The opinion does not address the point that such uniform schemes of development contain more covenants than residential use and structure limitations. If this decision stands, subdivision communities formed as recently as 1990 are at risk of having their ability to collect assessments to fund street and common element repairs stripped without notice. Farm animals and noxious activities will no longer be proscribed unless by governmental ordinance.
The opinion assures us that a property owner can avail themselves of the right to preserve the restrictions under N.C.G.S. Section 47B-4. Unfortunately, if this decision stands, all rights already extinguished under it will have been cut off without prior notice and with most unaware. There is no way under the statute to revive them, including ones stripped by deeds made as recently as 1991 failing to recite the restriction. In order to be aware of the right, a lot owner will have to have been advised of the issue, which seems highly unlikely to have occurred, and the homeowner would have to commence a timely title search of every lot in the subdivision to determine whether the Act applies which would be prohibitively expensive. There seems little doubt that before this opinion, few attorneys would have thought to counsel their clients on the issue.

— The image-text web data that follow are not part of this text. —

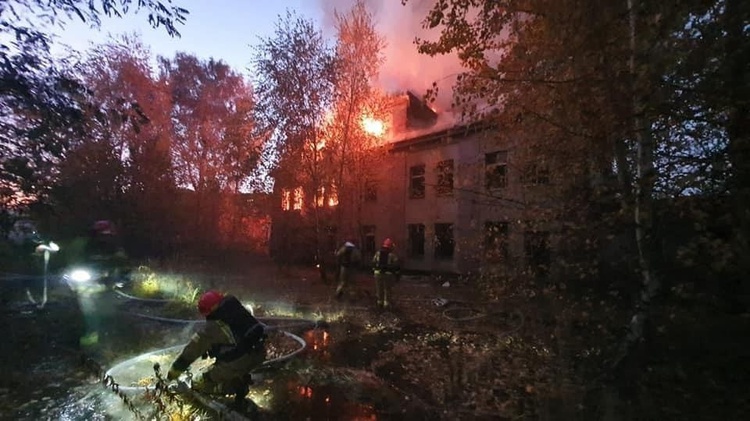 Katowice. Lokomotywownia celem podpalaczy? Zabytek wciąż nie jest zabezpieczony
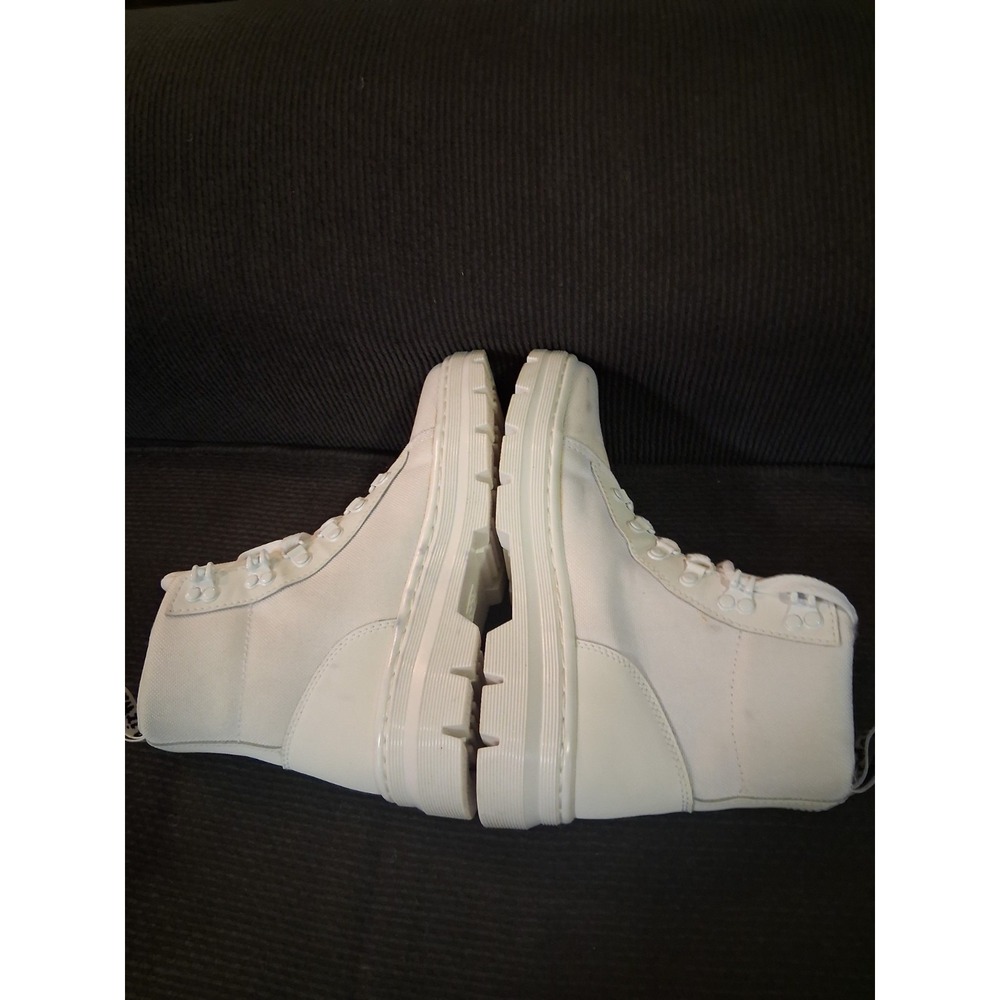 Dr. Martens Combs W Combat Boots Womens Sz 7 US All White Air Wair - Picture 6 of 8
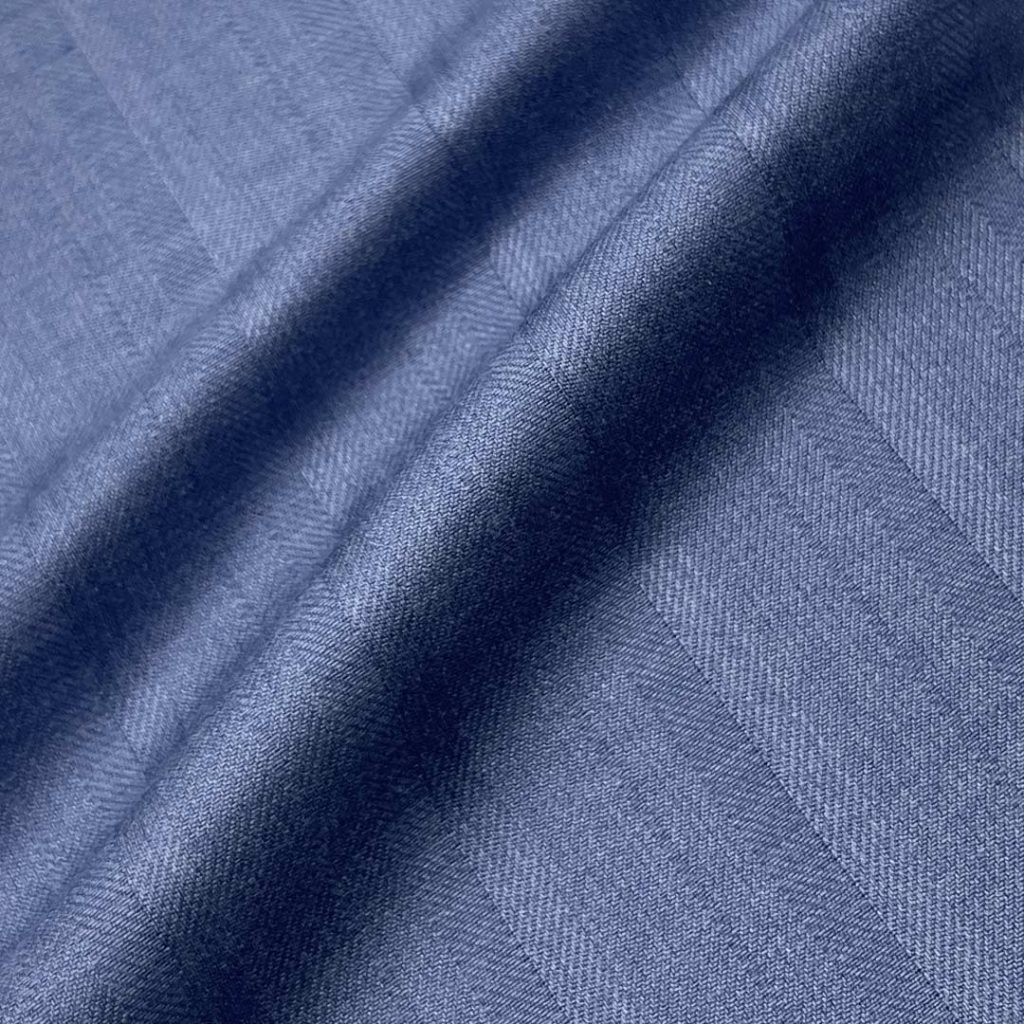 325g/m (6.4oz) 69% Polyester 29% Viscose 2% Spandex Suit Crisp Hand Feel Fine Fabric Blazer 32425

Of further concern, it may be argued that a "clear and plain" reading of N.C.G.S. Section 47B-4 would suggest that in order to preserve their enforcement rights, every lot owner in a subdivision and every Owner's Association would have to timely record a compliant notice to every other lot owner in lieu of doing a title search for every lot to determine who might be in default. Nothing in the subsection explicitly spreads its protection among all lot owners by one owner's filing. It hardly seems likely that Legislature intend valuable rights to be so easily stripped and be so difficult to preserve.

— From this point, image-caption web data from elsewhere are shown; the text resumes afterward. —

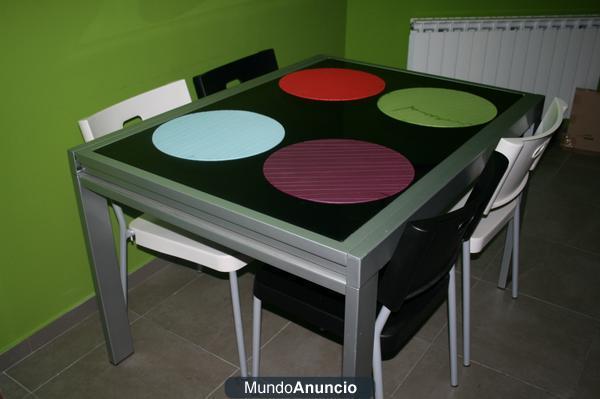 Mesa comedor URGE VENTA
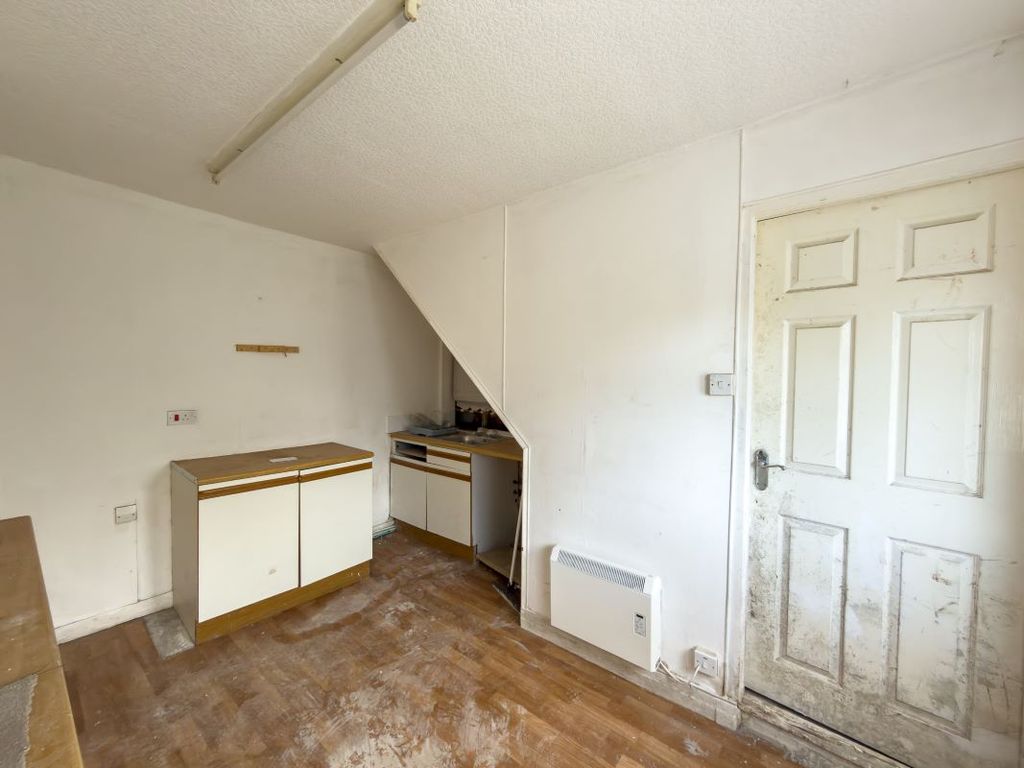 Property photo 3 of 10 Image 3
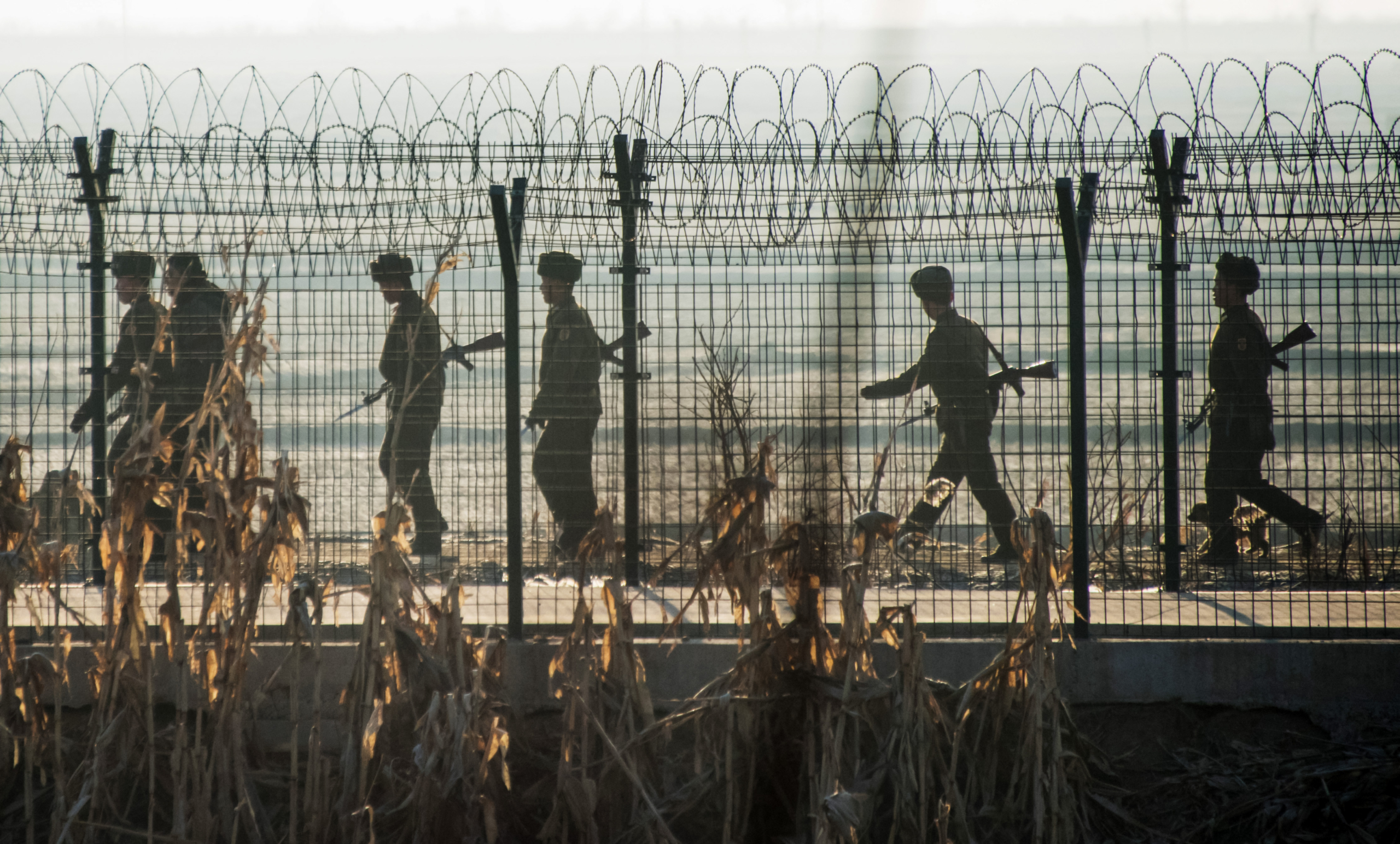 Binh sĩ Bắc Hàn tuần tra gần thị trấn Sinuiju qua biên giới từ Đan Đông, Trung Quốc, vào ngày 10/02/2016. (Ảnh: Johannes Eisele/AFP qua Getty Images)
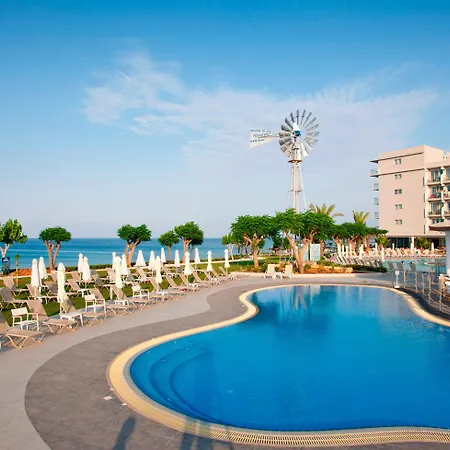 Pernera Hotel 4*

To complicate matters, if the decisions stands and should the legislature deem it necessary to clarify its intent by revising the statute, all stripped provisions will not be able to be revived by the new legislation. Needless to say it is reasonable to expect that if this decision stands it will likely generate much more litigation than existed before, contrary to what the opinion supposes. It iseems highly likely that title insurers will continue to take exception to the covenants in their title policies, leaving the owners no option but seek declaratory judgments if they wish or need to eliminate the exception.